Try it:
Pictures stay out. Everything else in the entries is copied exactly.

Given records:
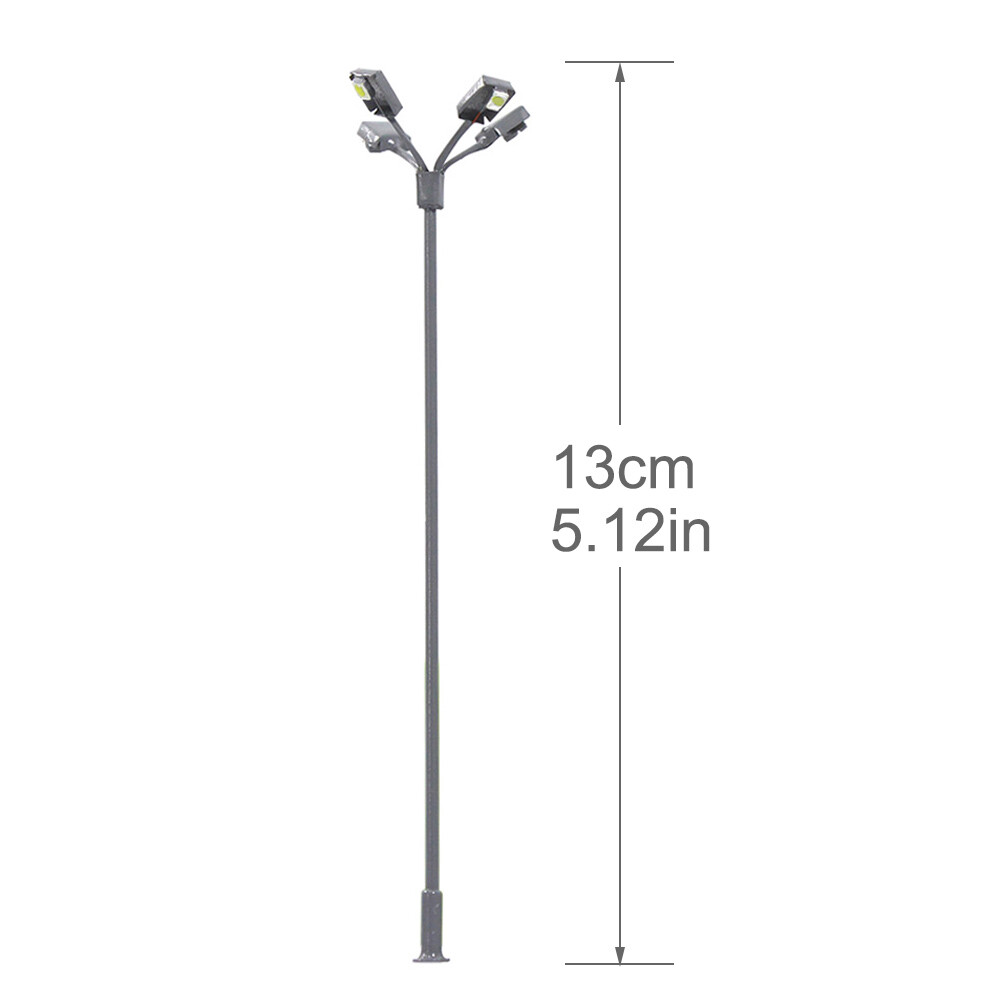LSL04 5pcs Model Railway HO Scale 1:87 Plaza Lamps Playground Street Lights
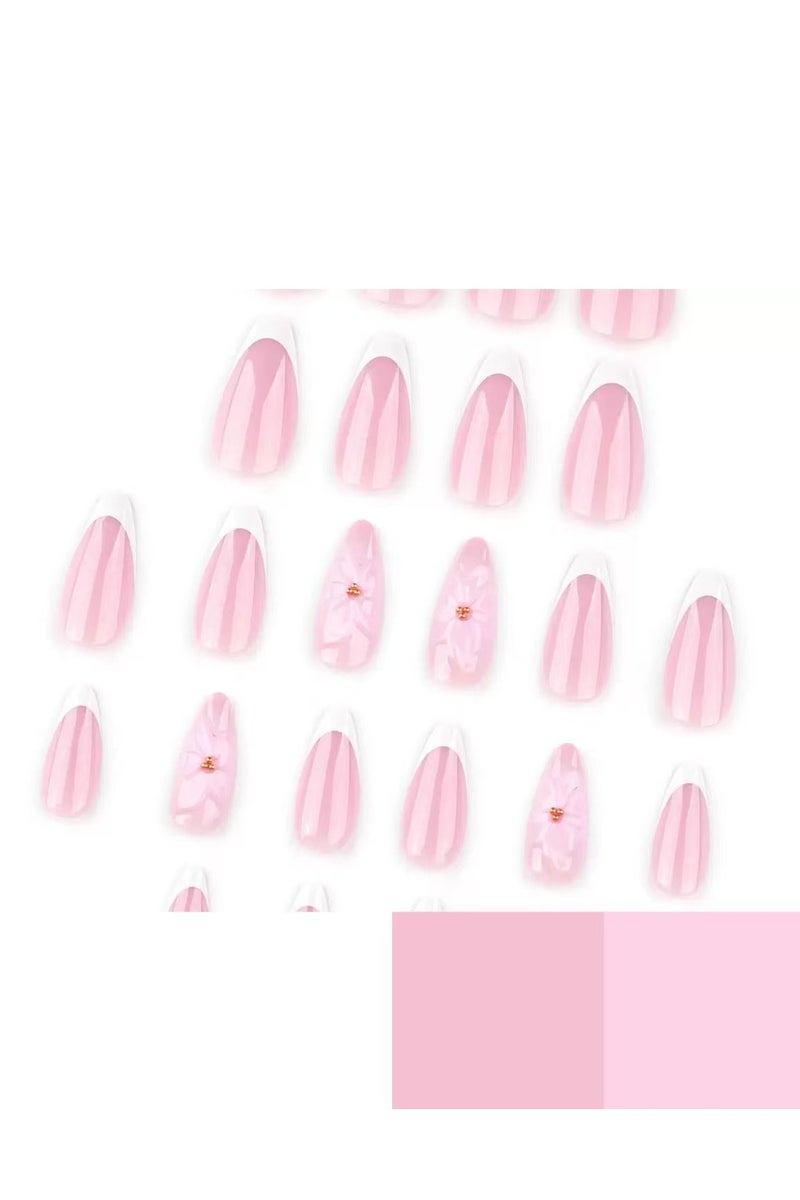 جوسكوين أظافر بالضغط (24 قطعة)، تصميم على شكل لوزي قصير، أظافر قابلة لإعادة الاستخدام، أظافر صناعية بفن الأظافر الزهرية ثلاثية الأبعاد، فرنسي أبيض، منقوش ثلاثي الأبعاد، أظافر أكريليك مع طقم غراء. - Image 2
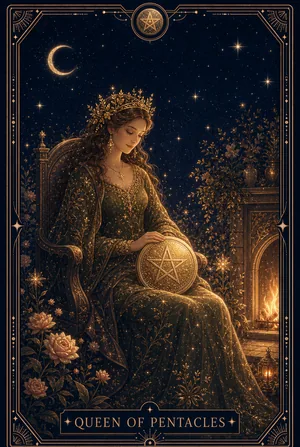 ไพ่ราชินีแห่งเหรียญ (Queen of Pentacles)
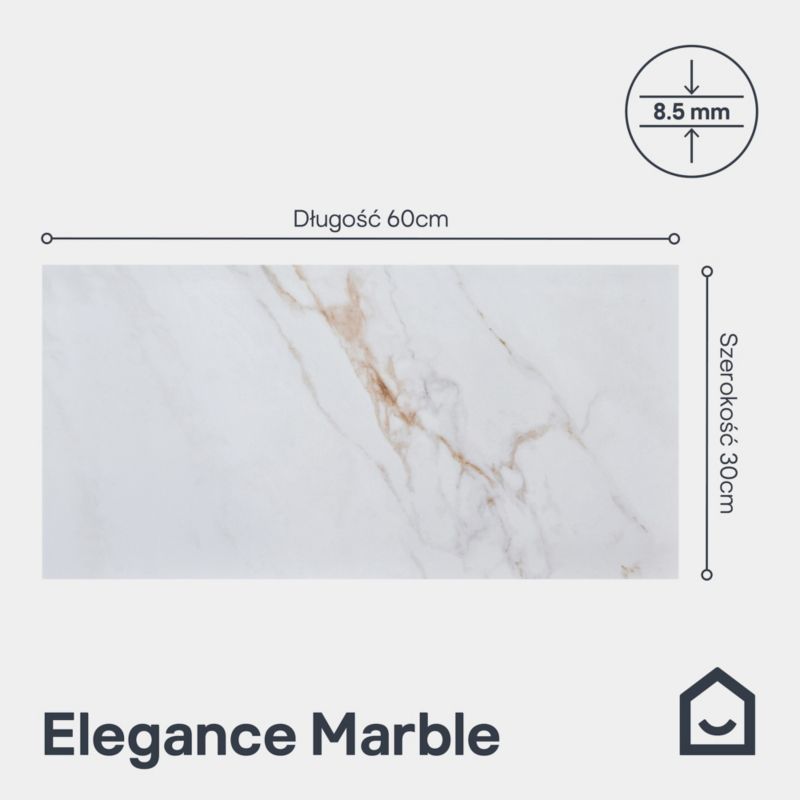 Glazura Elegance GoodHome 30 x 60 cm marble white gold 1,08 m2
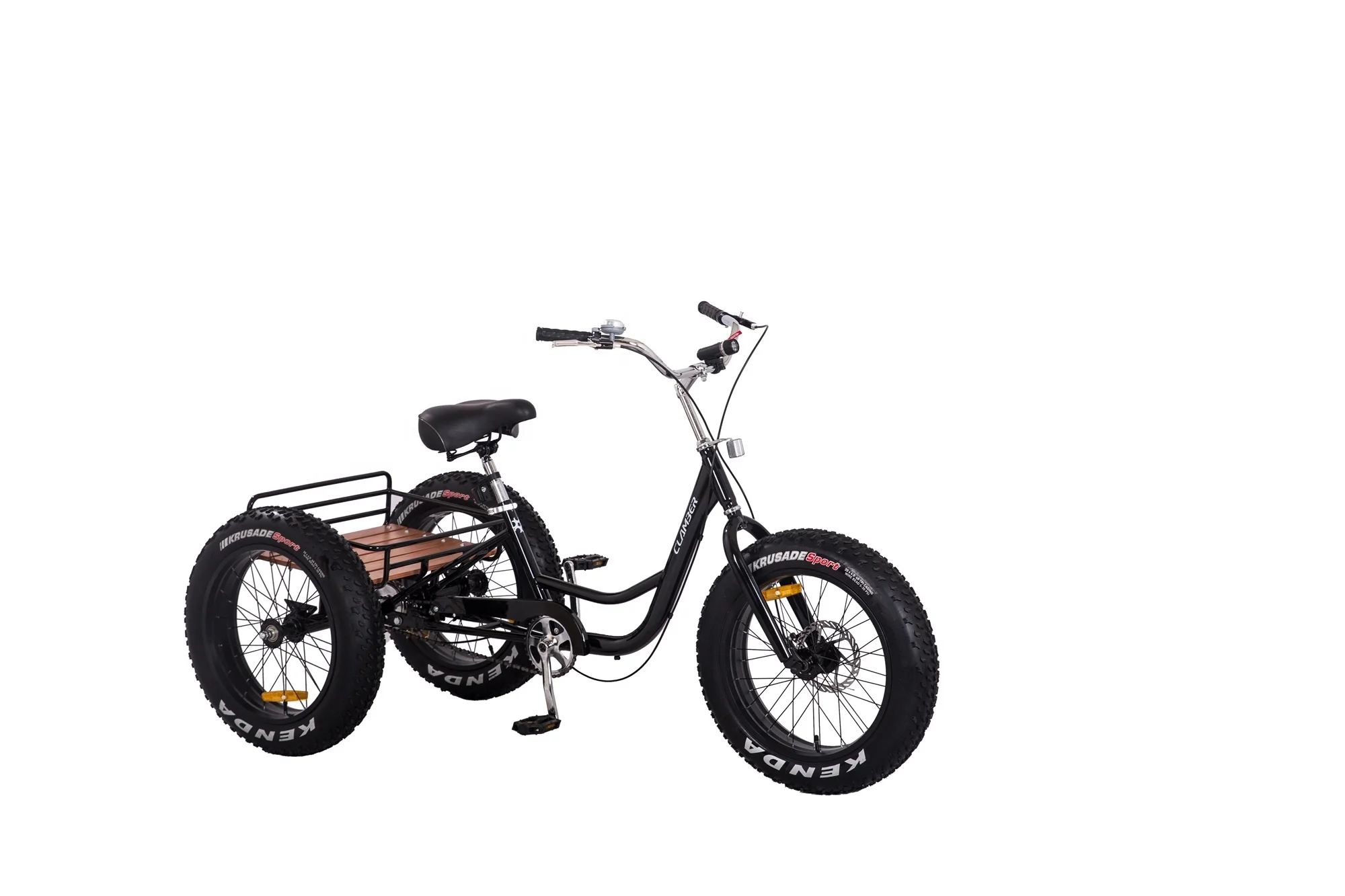 Клабер бренд 7022 толстые шины trike с задней корзиной односкоростной для взрослых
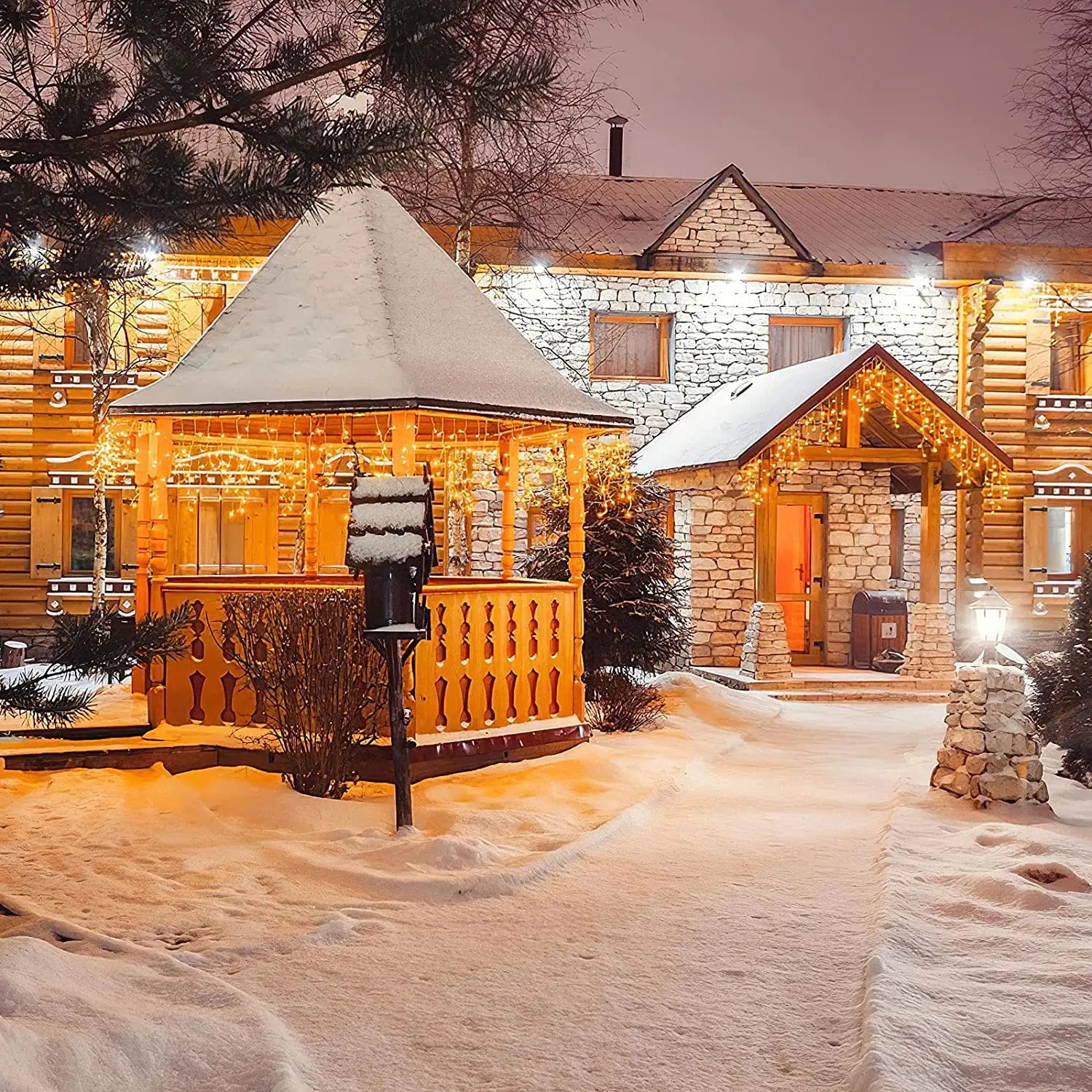 Christmas Decoration 2024/2025 icicle Led Curtain Lights for Outdoor Droop 0.4/0.5/0.6M Christmas Lights for home New Year 2025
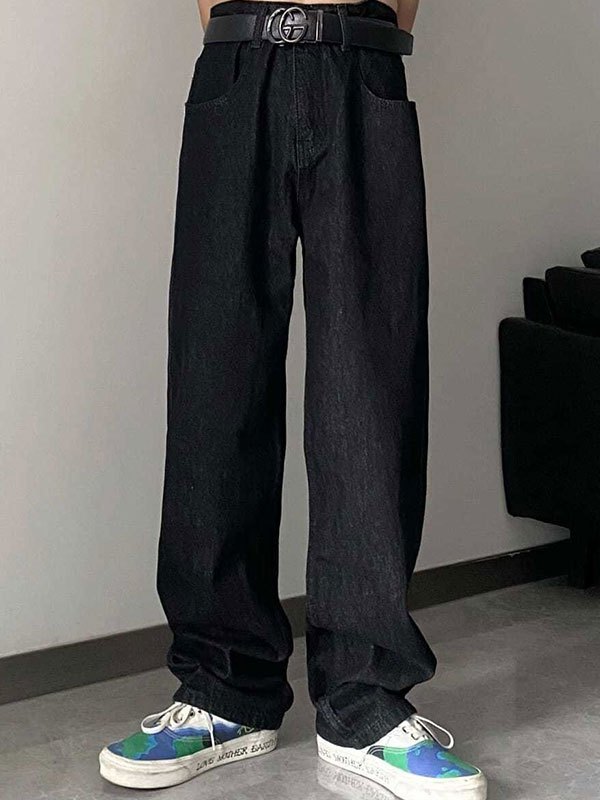 EMMIOL Vaqueros lavados con estampado de calaveras a mano para hombre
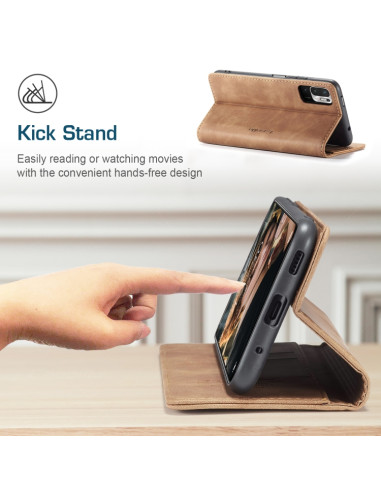 Cover Redmi Note 10 5G Pelle Nero Marrone | Melacompro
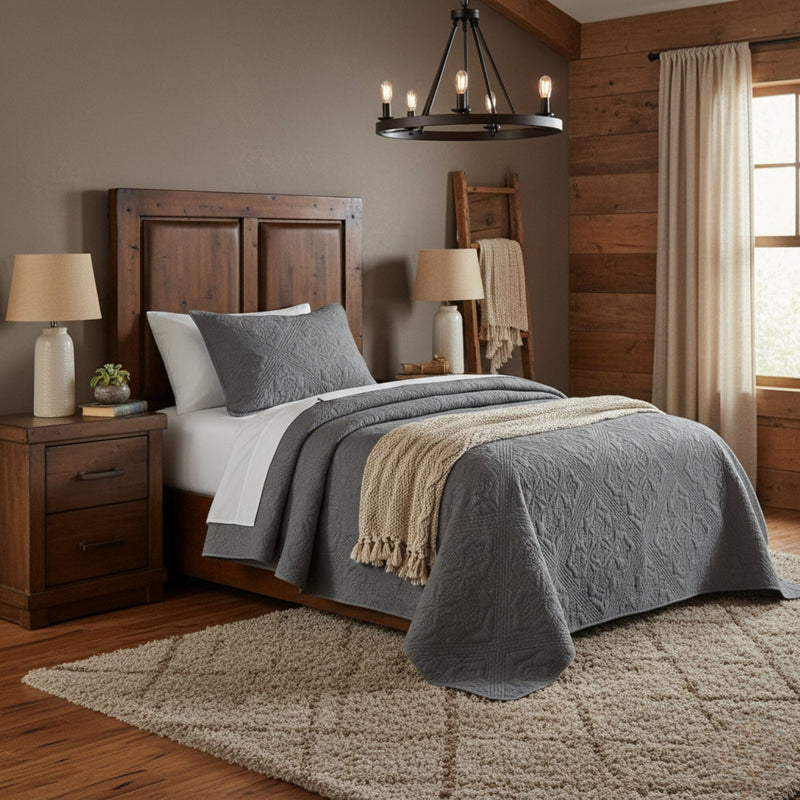 DaDa Bedding Floral Vintage Stone Wash Grey Matelassé Ash Silver Diamond Pattern Quilted Bedspread Set (JHW855)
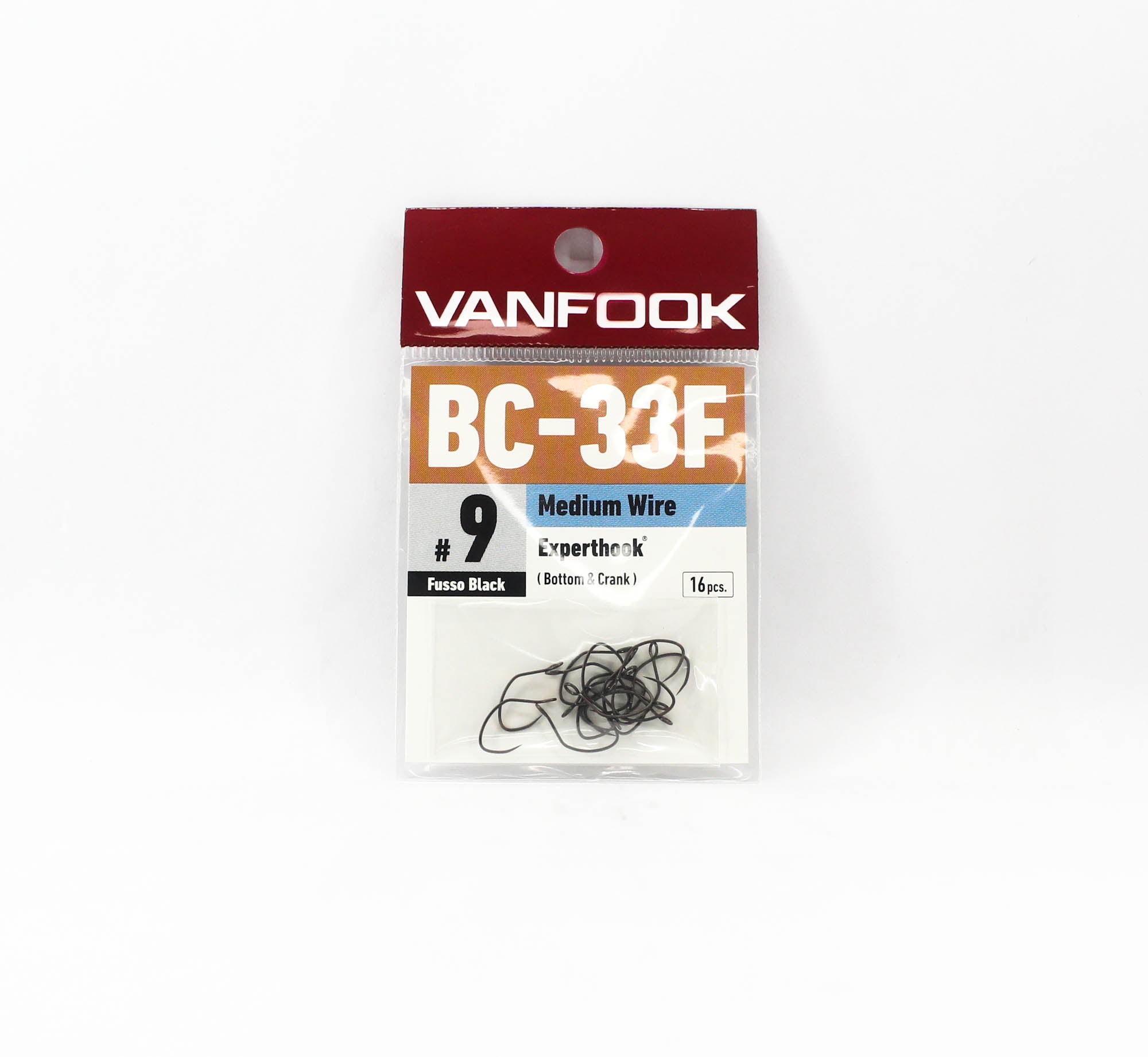 Vanfook BC-33F Bottom Expert Hook Size 9, 16/pack Black (2894)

Task solution:
LSL04 5pcs Model Railway HO Scale 1:87 Plaza Lamps Playground Street Lights
 جوسكوين أظافر بالضغط (24 قطعة)، تصميم على شكل لوزي قصير، أظافر قابلة لإعادة الاستخدام، أظافر صناعية بفن الأظافر الزهرية ثلاثية الأبعاد، فرنسي أبيض، منقوش ثلاثي الأبعاد، أظافر أكريليك مع طقم غراء. - Image 2
 ไพ่ราชินีแห่งเหรียญ (Queen of Pentacles)
 Glazura Elegance GoodHome 30 x 60 cm marble white gold 1,08 m2
 Клабер бренд 7022 толстые шины trike с задней корзиной односкоростной для взрослых
 Christmas Decoration 2024/2025 icicle Led Curtain Lights for Outdoor Droop 0.4/0.5/0.6M Christmas Lights for home New Year 2025
 EMMIOL Vaqueros lavados con estampado de calaveras a mano para hombre
 Cover Redmi Note 10 5G Pelle Nero Marrone | Melacompro
 DaDa Bedding Floral Vintage Stone Wash Grey Matelassé Ash Silver Diamond Pattern Quilted Bedspread Set (JHW855)
 Vanfook BC-33F Bottom Expert Hook Size 9, 16/pack Black (2894)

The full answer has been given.